Greg Davies, head of behavioural science at Oxford Risk, said: “The winners in financial services will be the companies that best engage with their customers and help them achieve better outcomes.”
“The combination of behavioral finance, data science and AI technologies creates an exciting combination that can make this happen at scale and in a more personalized way than ever before. Behavioral engagement technology can help us all make better financial decisions.”
In this way, behavioral engagement technologies can help mitigate the costs of being human, especially when it comes to disinvestment.
For example, thanks to behavioral engagement technology, an investor who has built a moderate risk tolerance with a globally diversified, multi-asset class “optimal” portfolio can expect excess returns of around 4-5% per year on their cash.
So while choosing not to invest may help investors sleep easier, it could come at a cost in the long run.
Davis continues: “Poor investments are a result of low engagement. It’s a conundrum. An isolated tactic like just increasing investor engagement has limitations and may backfire at some point.”

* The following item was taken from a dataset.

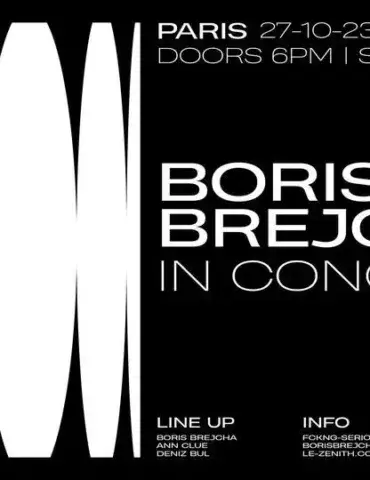 BORIS BREJCHA in concert - Zénith Paris - La Villette - ven. 27 oct. 2023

“Properly engaged investors are all the same, but under-engaged investors are all struggling in their own way, and figuring out what to do for each investor every time and making sure you recoup lost revenue is just not possible without technology.”
The benefits of behavioral engagement technology
Therefore, leveraging behavioral engagement technology can provide investors with insights to find the “sweet spot” in engagement.
But of course, this sweet spot will be different for every investor, and Oxford Risk’s Behavioural Engagement Technology Platform helps provide hyper-personalised, bespoke tools for the most effective investment engagement on an individual basis.